Es gehört zu den Kernanliegen dieser Zeitschrift, die stetige Weiterentwicklung der Automation in zentralisierten und dezentralen Laboratorien auf dem jeweils neuesten Stand zu dokumentieren – und das seit unserer allerersten Ausgabe, die vor genau 20 Jahren unter dem Namen Trillium Report herauskam [1]. Damals wie heute spielte das Wort Innovation eine zentrale Rolle. Innovation ist das Lebenselixier des Fortschritts. Wer nicht innovativ ist, wird nicht überleben – so die gängige Aussage.
Wenn wir aber ehrlich sind, ist Innovation ein schwammiger Begriff, der alles Mögliche bedeuten kann. Man mag es zum Beispiel kaum glauben, dass im Jahr 2003 die Qualitätssicherung für POCT-Geräte als innovative Idee galt [1]. Heute erscheint es selbstverständlich, dass man die Qualität von Laborergebnissen sicherstellen muss, egal ob diese im Zentrallabor oder am Krankenbett erhoben wurden.

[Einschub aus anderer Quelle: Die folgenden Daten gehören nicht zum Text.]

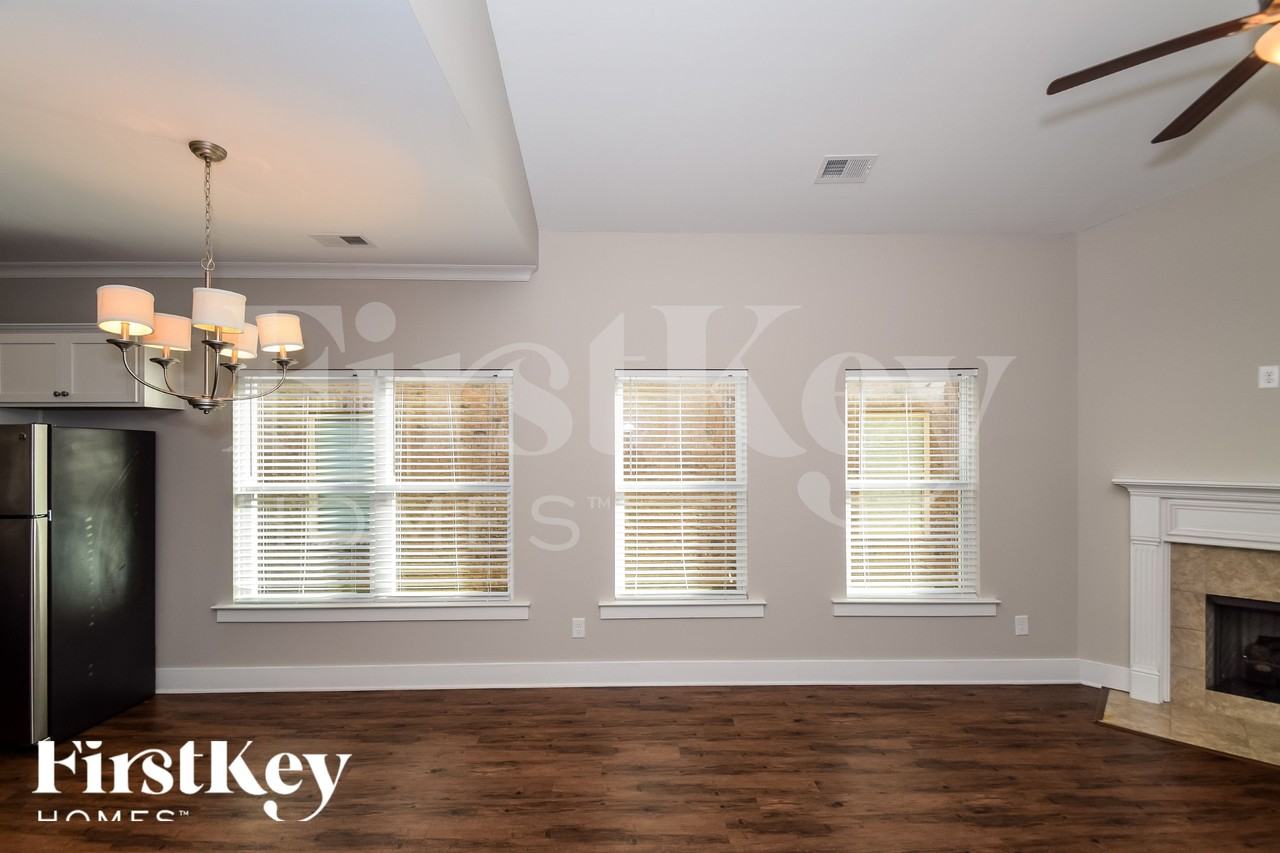 5521 Park Side Rd - Photo 4 of 18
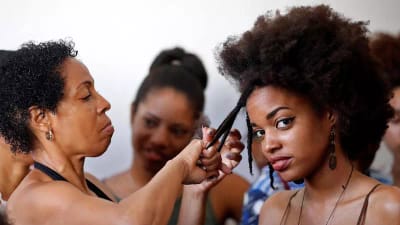 Qué Negra! La marca del pelo afro en Cuba
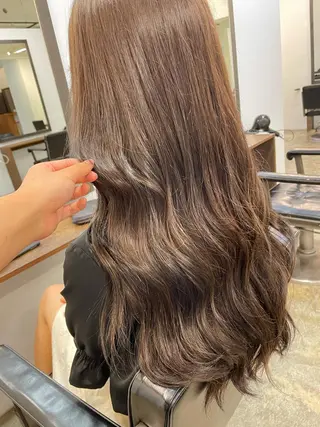 ロング オリーブカラー 長谷川のヘアスタイル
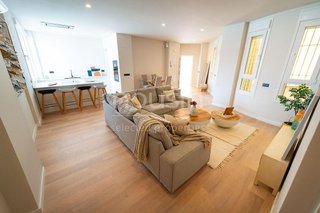 Piso en venta en Colores - Entreparques en Sevilla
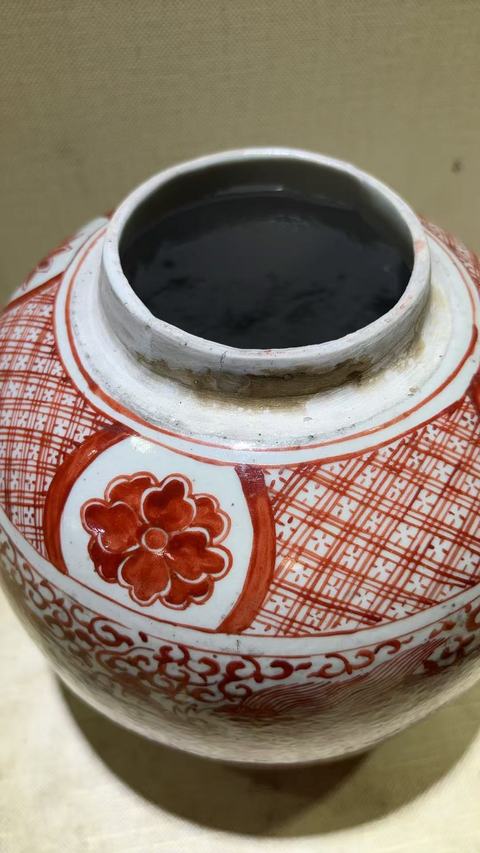 古玩陶瓷哥釉礬紅龍紋罐真品鑒賞圖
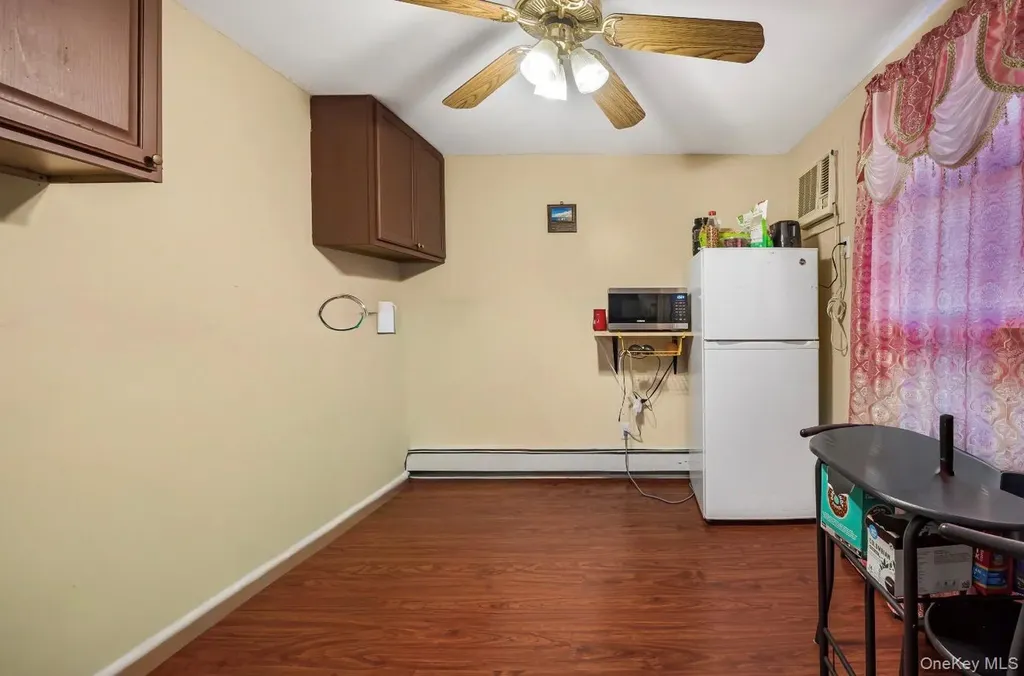758 Wyngate Drive E Valley Stream NY 11580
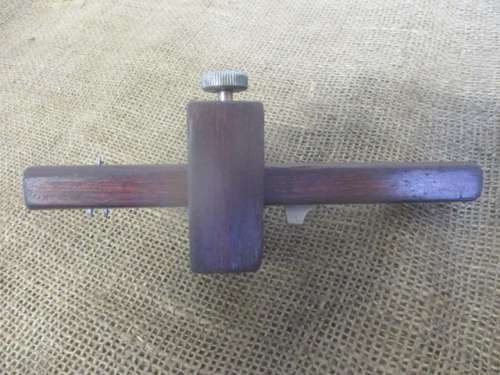 Beautful Vintage 7 1/4" Carpenters Wood Working Scribe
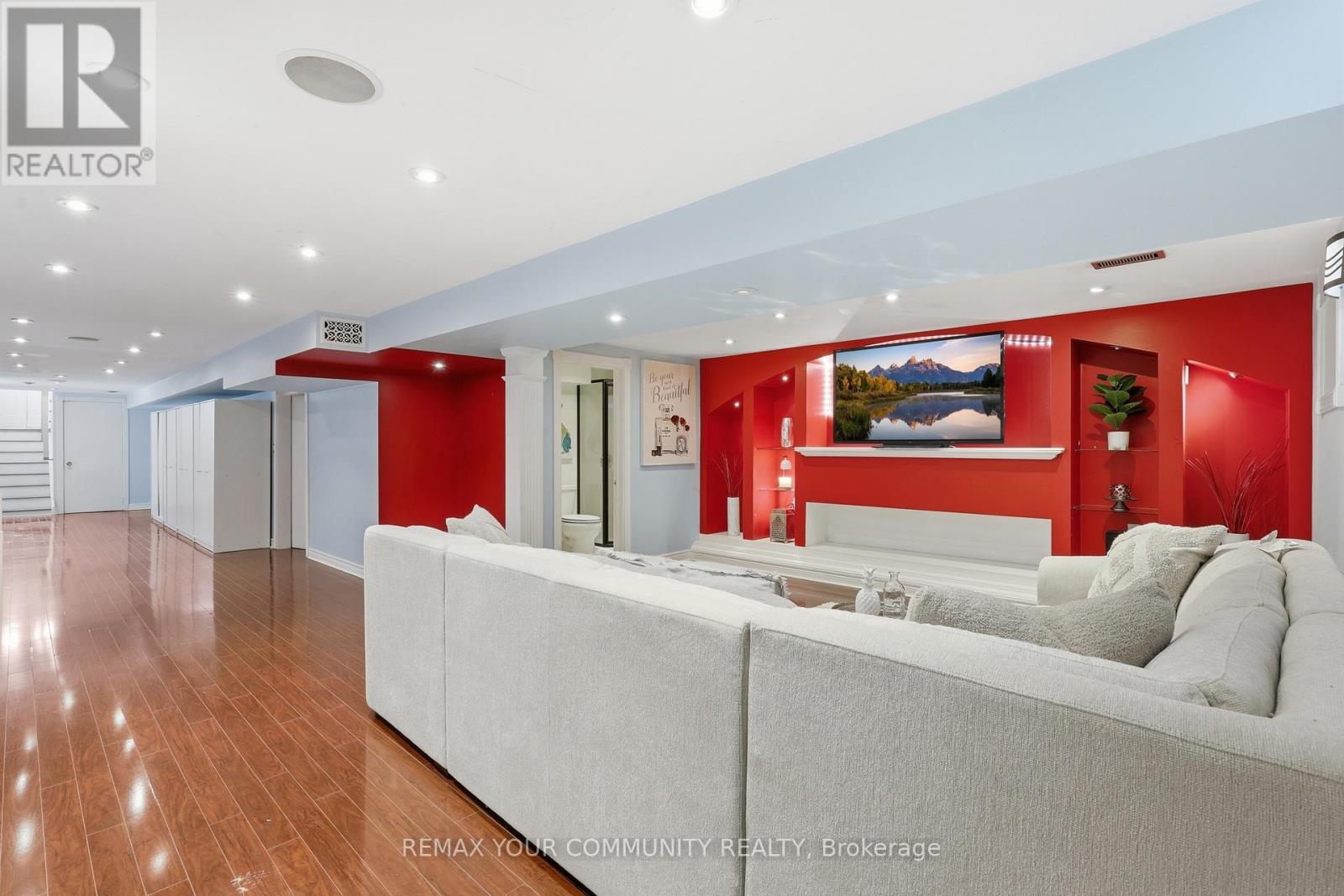 28 SNOWSHOE CRESCENT - 31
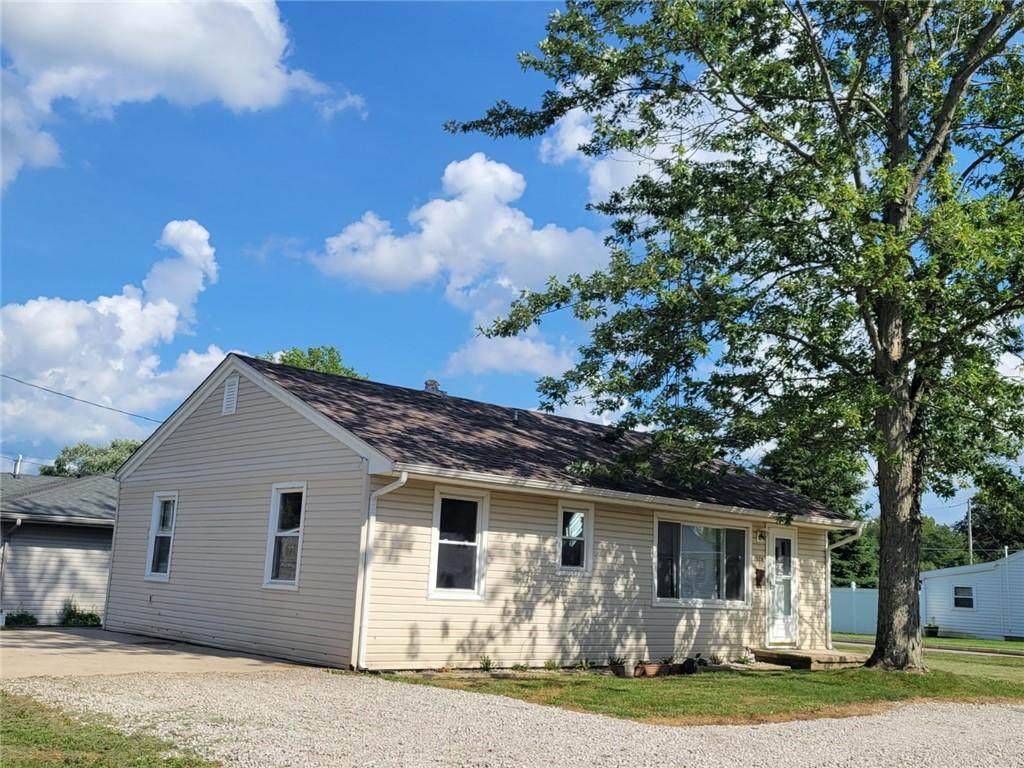 1020 Watson - Photo 1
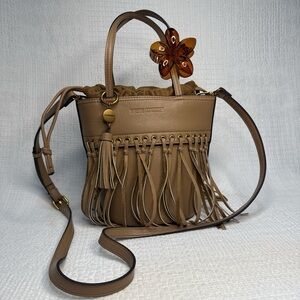 Steve Madden Latte Bucket Bag 🤎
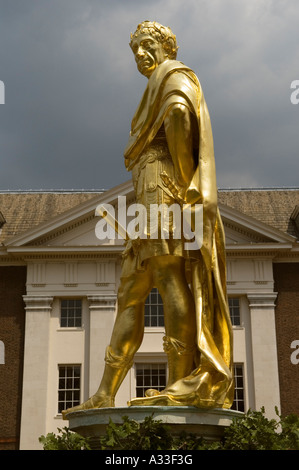 Statue von König Karl II. vor dem Royal Hospital Chelsea Heimat der Chelsea Rentners London SW3 UK 2006 Von Grinling Gibbons in Figure Court Stockfoto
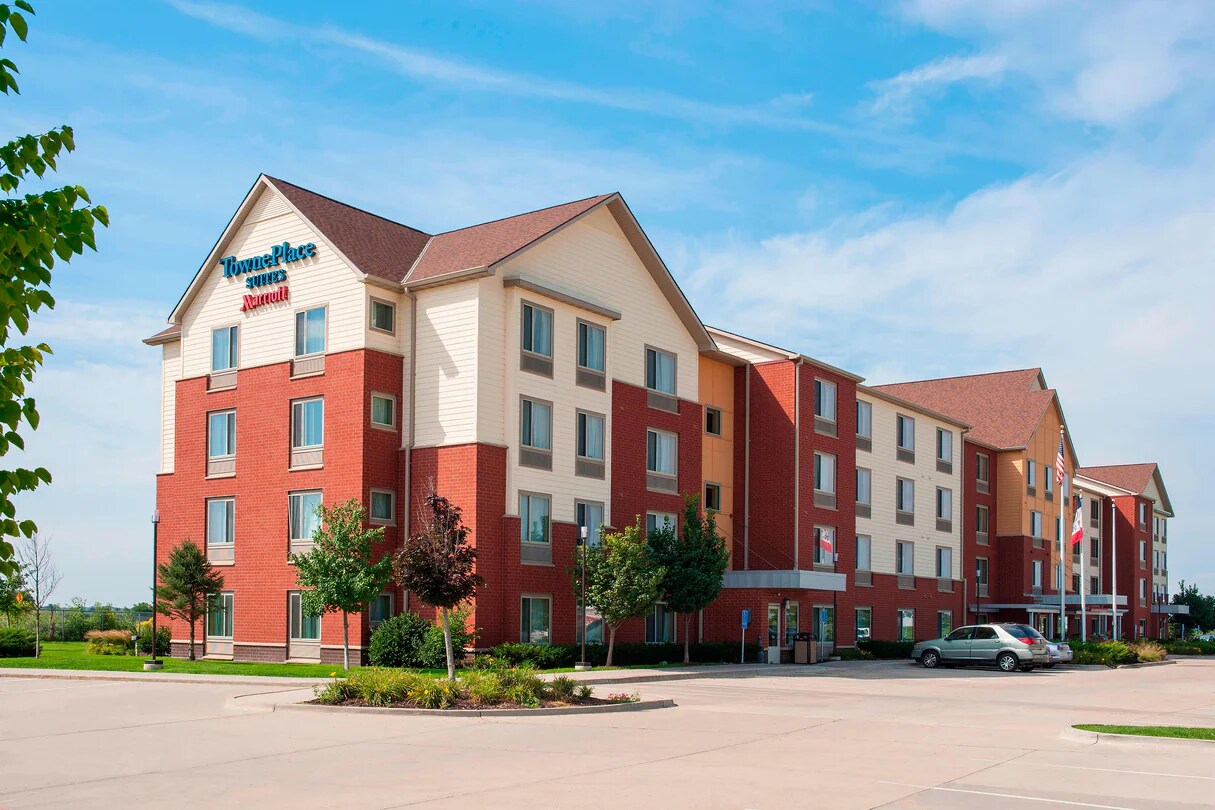 Whitestone Companies Acquires Iowa TownePlace Suites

Innovativ war damals auch die Idee, klinisch-chemische und immunchemische Assays im Zentrallabor auf ein und derselben Workcell durchzuführen [2]. Wäre es nicht selbstverständlich, dass dieses erfolgreiche Prinzip auch bei POCT-Geräten verwirklicht wird, indem die Hersteller aus den großen Geräten einfach „die Luft rauslassen“? Der Labormarkt wünscht es sich seit mindestens zehn Jahren [3], aber noch sind modulare, konsolidierte POCT-Workcells nur ansatzweise verwirklicht (S. 19). Wir sehen stattdessen ein breites Spektrum von technisch anspruchsvollen, aber untereinander nicht kompatiblen Geräten, was die Arbeitsabläufe ausgerechnet da komplex und fehleranfällig macht, wo wenig geschultes Pflegepersonal Laborarbeit verrichten muss.
Aber vielleicht tun wir den Herstellern mit dieser Kritik ja Unrecht? Wäre es heute womöglich gar nicht mehr zeitgemäß, Konsolidierungsprinzipien am Point of Care umzusetzen, die sich vor 20 Jahren im Zentrallabor bewährt haben? Es könnte ja durchaus sein, dass zum Beispiel mikrofluidische Kartuschen, die mehrere Assays in einem einzigen Plastikgehäuse vereinen, die wahre Innovation darstellen. Der Markt nimmt diese Lösungen jedenfalls gerne an, weil sie praktisch und in der Gesamtrechnung sogar preisgünstig sind. Vor den dadurch erzeugten Abfallbergen schließt „der Markt“ vorläufig noch die Augen – bis die nächste Innovation auch diese Lösung ablöst.
Was also ist Innovation? In der Industrie unterscheidet man gern vier verschiedene Formen, die wie in einem Fenster angeordnet sind (Abb. 1): Auf der x-Achse ist der technische Fortschritt von alt nach neu und auf der y-Achse der Einfluss auf den Markt von etabliert nach dynamisch aufgetragen.